6502.org Forum  Projects  Code  Documents  Tools  Forum
It is currently Wed May 01, 2024 2:26 pm

All times are UTC




Post new topic Reply to topic  [ 11 posts ] 
Author Message
 Post subject: WDC816CC and farmalloc
PostPosted: Thu Apr 18, 2024 8:49 am 
Offline
User avatar

Joined: Mon Aug 30, 2021 11:52 am
Posts: 256
Location: South Africa
I am struggling to get farmalloc to work using WDC's linker and C compiler and I suspect it's more of a linker problem than a farmalloc problem.

I have the 'C' code:
Code:
void* far_heap_start = (void*)0x12f111;
void* far_heap_end = (void*)0x1fffff;

void main(void)
{
   void*            pvBackground;
   
   for (;;)
   {
      pvBackground = farmalloc(100);
      ...
   }

Compiled and linked using:
Code:
wdc816cc.exe  -bs -DUSING_816 -ml -wr -wu -so -sp -lt -pb -pp -px -o Main.obj Main.c
wdcln.exe -C10000 -D20000 -g -t -sz -HIE -obin\Video.hex Main.obj -lcl -lml

farmalloc initially returns $00000000 (a zero value 32bit pointer) which doesn't make sense as I would expect the first return to be somewhere above $0012f111. As it loops it allocates out successive pointers for a little less than 64KB before executing a BRK instruction. Which also doesn't make sense as I would expect it to be able to allocate about 850KB before it can't any more.

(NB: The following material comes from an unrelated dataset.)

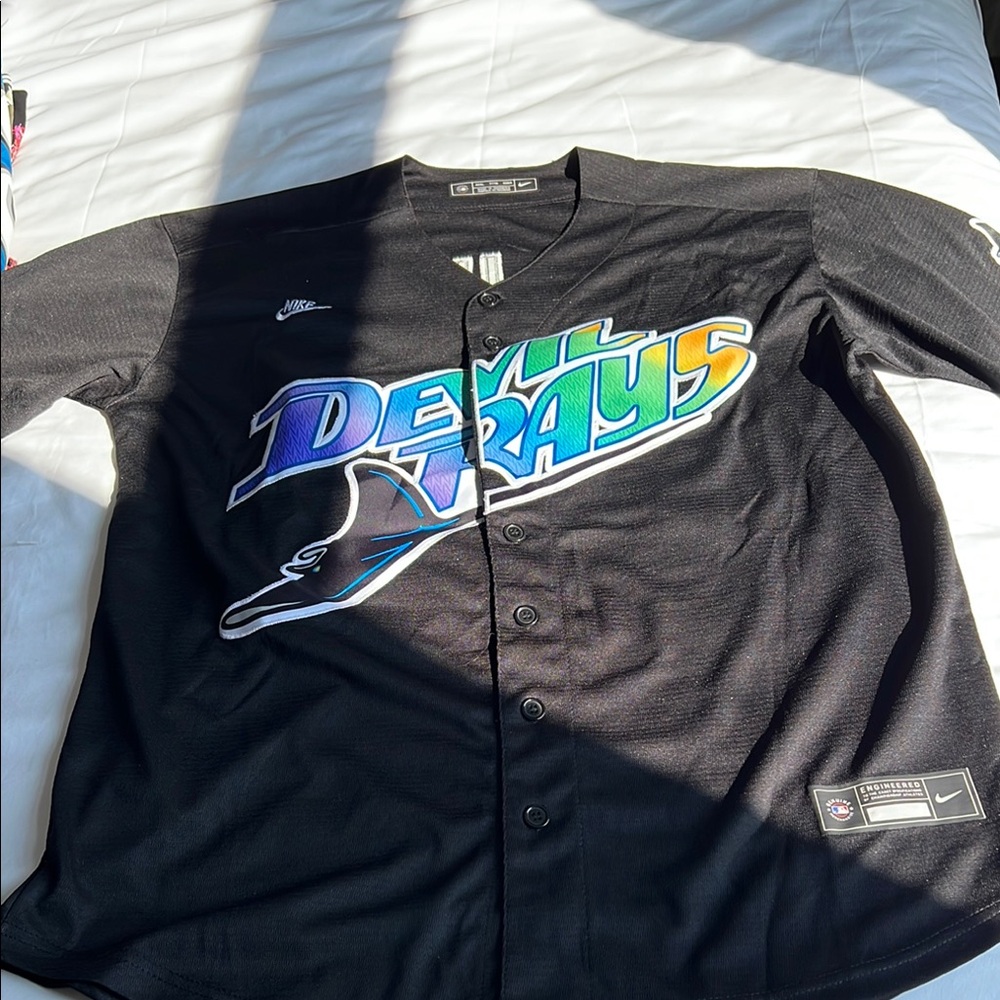 SOLD- Nike Black Button-Up Jersey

The WDC documentation indicates:
Quote:
Code:
void *heap_start = (void * )0x28000, *heap_end = (void * )0x48000;
The example allocates 128K
So I would expect to be able to allocate out more than 64KB.

The sharp eyed among you will have already noticed that heap_start is not the same as far_heap_start however if I use heap_start and heap_end then I get the following linker error:
Code:
Undefined symbol: ~~far_heap_end
Undefined symbol: ~~far_heap_start

And at this point I should mention I am compiling for the Large memory model (using -ml) and linking against the Large standard and math libraries (-lcl -lml).
~~far_heap_end and ~~far_heap_start are definitely referenced int the cl.lib file. So I think the WDC documentation is incorrect in their example.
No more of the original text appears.